Global M&A activity has surged about 40% this year to roughly $4.5 trillion, driven by mega-transformational deals, abundant Wall Street financing, Middle East capital and a friendlier regulatory backdrop, with marquee transactions including Paramount Skydance’s hostile pursuit of Warner Bros. Discovery amid Netflix’s bid narrative, Union Pacific’s >$80 billion takeover of Norfolk Southern, a record LBO of Electronic Arts and large AI-related investments such as a $40 billion Aligned Data Centers deal and Alphabet’s $32 billion purchase of Wiz.

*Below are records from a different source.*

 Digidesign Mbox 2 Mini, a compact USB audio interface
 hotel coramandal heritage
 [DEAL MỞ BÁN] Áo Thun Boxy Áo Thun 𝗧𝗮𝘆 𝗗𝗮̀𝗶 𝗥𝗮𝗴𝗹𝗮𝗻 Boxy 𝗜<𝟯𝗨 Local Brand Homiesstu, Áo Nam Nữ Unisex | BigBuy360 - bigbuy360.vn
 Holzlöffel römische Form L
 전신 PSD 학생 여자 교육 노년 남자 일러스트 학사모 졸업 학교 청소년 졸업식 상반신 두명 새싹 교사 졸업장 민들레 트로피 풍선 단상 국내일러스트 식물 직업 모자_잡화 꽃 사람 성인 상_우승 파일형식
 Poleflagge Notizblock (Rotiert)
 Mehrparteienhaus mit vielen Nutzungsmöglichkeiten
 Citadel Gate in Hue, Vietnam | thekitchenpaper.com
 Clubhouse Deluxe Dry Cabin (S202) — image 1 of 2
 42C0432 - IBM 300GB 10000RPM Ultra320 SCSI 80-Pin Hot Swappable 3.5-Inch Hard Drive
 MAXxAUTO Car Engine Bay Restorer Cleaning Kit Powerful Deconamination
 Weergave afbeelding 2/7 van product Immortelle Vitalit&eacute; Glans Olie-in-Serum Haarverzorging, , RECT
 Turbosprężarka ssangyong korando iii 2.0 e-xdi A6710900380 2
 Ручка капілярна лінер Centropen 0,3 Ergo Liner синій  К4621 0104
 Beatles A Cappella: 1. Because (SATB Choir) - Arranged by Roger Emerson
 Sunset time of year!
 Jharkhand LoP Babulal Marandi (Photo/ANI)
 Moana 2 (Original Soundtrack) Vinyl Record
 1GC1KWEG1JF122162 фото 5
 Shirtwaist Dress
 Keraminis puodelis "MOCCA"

The boom is being amplified—and complicated—by active US government intervention under President Trump (including a roughly 10% stake in Intel, a golden share in U.S. Steel and stakes in MP Materials) and the migration of capital into AI, which has fueled equity gains but raised concerns among bankers about a possible market correction. While deal value is at near-record levels and bankers expect further activity as rates fall, caution remains because deal counts are flat, many small- and mid-cap companies are sitting out, and private-equity sellers still face valuation gaps with buyers.

Analysis

Global M&A activity rose roughly 40% to about $4.5 trillion in 2025, led by transformational, mega-sized transactions such as Paramount Skydance’s hostile pursuit of Warner Bros. Discovery amid Netflix interest, Union Pacific’s acquisition of Norfolk Southern for more than $80 billion including debt, a record leveraged buyout of Electronic Arts, Aligned Data Centers’ $40 billion deal and Alphabet’s $32 billion purchase of Wiz. Dealmakers cite abundant Wall Street financing, inflows of Middle East capital, heavy AI-related investment and a friendlier regulatory stance as primary drivers, and bankers expect more activity if rate cuts increase liquidity. The U.S. government’s active role — a roughly 10% stake in Intel, a golden share in U.S. Steel, a stake in MP Materials and the president’s public positioning on Warner/CNN — has materially changed merger dynamics and introduces event-driven regulatory risk. Market risks include a concentrated equity rally tied to AI that senior bankers warn may be unsustainable, flat global deal counts with many small- and mid-cap companies sitting out, and persistent private-equity valuation gaps that could limit near-term deal completion and create a roughly $100 billion year-end execution cliffhanger.